Bell peppers, cooked sweet potato and carrot, steamed kale, dandelions, almost any fruit.


----------



## nightanole (Jun 20, 2018)

My red will eat seedless grapes if it smash them or at least butterfly them. Havent had any luck with anything green...


----------



## grapebasil (Jun 20, 2018)

Curious as to how you offer your fruit? Our little dude won’t eat anything that doesn’t squirm and scream when he bites it.


----------



## nightanole (Jun 20, 2018)

grapebasil said:


> Curious as to how you offer your fruit? Our little dude won’t eat anything that doesn’t squirm and scream when he bites it.



I make meat balls with the fruit in the center, but ours is 2ft long and weighs a pound, henz why she cant eat a whole grape yet.


----------



## Zyn (Jun 20, 2018)

I some times feed my feeder rats fruit and veggies before they get the old gulp and swallow does that count ? lol


----------



## Skeep (Jun 22, 2018)

grapebasil said:


> Curious as to how you offer your fruit? Our little dude won’t eat anything that doesn’t squirm and scream when he bites it.



My tegu loves eggs, so if I put egg yolk on the fruits and veggies she will eat it happily. She still has her favorites; for example she will never leave a piece of pineapple behind, and other things she's less keen on.

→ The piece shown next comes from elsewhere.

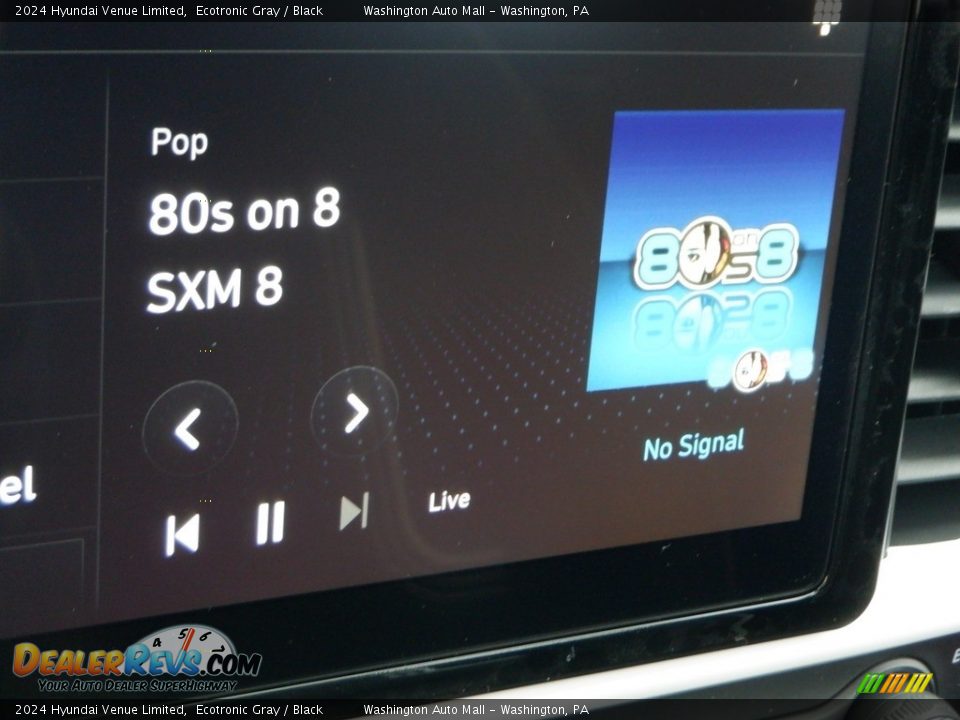 2024 Hyundai Venue Limited Ecotronic Gray / Black Photo #17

Gary, I'm not sure how old your tegu is but one thing to keep in mind is that as they grow to adulthood their tastes will change and they will go through phases. Past favorite foods get rejected, new things that they didn't like become favorites, and then it changes again!


----------



## Gary (Jun 22, 2018)

Skeep said:


> My tegu loves eggs, so if I put egg yolk on the fruits and veggies she will eat it happily. She still has her favorites; for example she will never leave a piece of pineapple behind, and other things she's less keen on.
> 
> Gary, I'm not sure how old your tegu is but one thing to keep in mind is that as they grow to adulthood their tastes will change and they will go through phases. Past favorite foods get rejected, new things that they didn't like become favorites, and then it changes again!


We’re coming up to the one year mark. I not worried so much as I like to keep variety in his diet. These suggestions of given me new things to try! He loves just about any fruit, but whole prey days are his favorite (and I doubt that will change). He’ll go back for the fruit 30 minutes later on those days haha. 

Can’t wait to try some of these veggies though!


----------